17. A lighting unit as set forth in claim 16 wherein a resistance is provided coupled between said control circuit diode and said one capacitor terminal for establishing a time delay precluding turn-off of said SCR from transients occurring during the glow to arc transition.
18. A lighting unit comprising: A. a dc power supply having two output terminals; B. a main arc lamp requiring energization dependent on its electrical state, and C. a filamentary lamp, D. an operating network comprising: (1) a step-up transformer having a primary winding, a secondary winding and a ferrite core, (2) a solid state switch connected between one of said output terminals and a first node, intermittently operated at an above sonic frequency, (3) a primary power circuit for operating said filamentary lamp comprising said primary winding and said filamentary lamp connected in series between said node and the other said supply output terminal, (4) a secondary power circuit for starting and operating said arc lamp comprising said secondary winding and said arc lamp connected in series between said first node and said othe supply output terminal, said secondary winding providing transformed potentials when said primary circuit is active for starting said arc lamp, and (5) switching means responsive to the state of said arc lamp for turning off said primary power circuit when the arc lamp is warmed up.
19. In a lighting unit having an incandescible filament and an arc lamp which are both to be energized from a dc source, the combination comprising: (a) a switching device, (b) means for controlling said device to turn it on and off during successive, alternate time periods, (c) a series conduit connectable across said dc source and including two serially connected portions, 1. a first portion including said switching device, 2. the second portion including first and second parallel paths, (d) said first parallel path including said filament, (e) said second parallel path including said arc lamp, and (f) means responsive to current flow through said first path during the on periods of said device for inducing high voltage pulses in said second path, thereby to aid in ignition of an arc within said lamp, said means (f) further including first and second inductively coupled windings serially connected respectively with said filament and arc lamp and forming series components respectively within said first and second parallel paths, the sense of said windings being such that increasing current flow from said dc source through said switching device, first winding and filament induces a voltage in said second winding with a first polarity tending to create anode-to-cathode current in the arc lamp.
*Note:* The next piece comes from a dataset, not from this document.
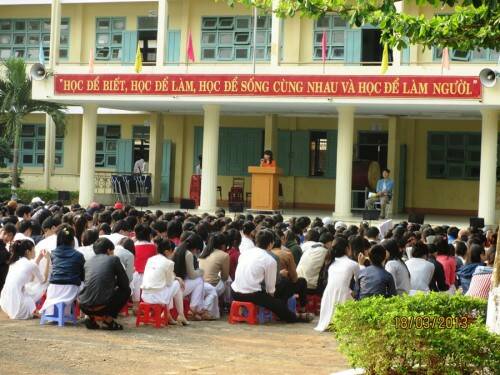 Đại diện đoàn tuyển sinh FPT Polytechnic Đắk Lắk chia sẻ thông tin Đại diện đoàn tuyển sinh FPT Polytechnic Đắk Lắk chia sẻ thông tin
20. The combination set forth in claim 19 further characterized in that current maintenance means are connected across the series combination of said first winding and said filament, whereby decrease of current through said first winding when said switching device turns off is constrained to a lower dI/dt so that the amplitude of any resulting voltage, of a second polarity opposite to said first polarity, induced in said second winding is lessened.
21. The combination set forth in claim 19 further characterized in that said first parallel path includes (g) a switch element in series with said first winding and said filament within said first parallel path, and (h) means responsive to current conduction in said second parallel path, when said arc lamp achieves warm-up and steady-run arc conduction, for holding said switch element off, thereby holding said filament deenergized.
22. The combination set forth in claim 19 further including (g) a third parallel path in parallel with said first and second paths, (g1) said third path comprising a unidirectionally conductive element poled to oppose conduction of current which flows from said dc source through said switching device when the latter is on, said element carrying flyback current of either or both the first or the second paths immediately after said switching device turns off.
23. The combination set forth in claim 19 further characterized in that (g) said first and second windings are mounted upon a magnetic core and inductively coupled via a main flux path defined by said core, (h) an aperture in said core separating said main path into first and second regions, and (i) winding means associated with said aperture to sense the onset of main path saturation and to degeneratively turn off said switching device.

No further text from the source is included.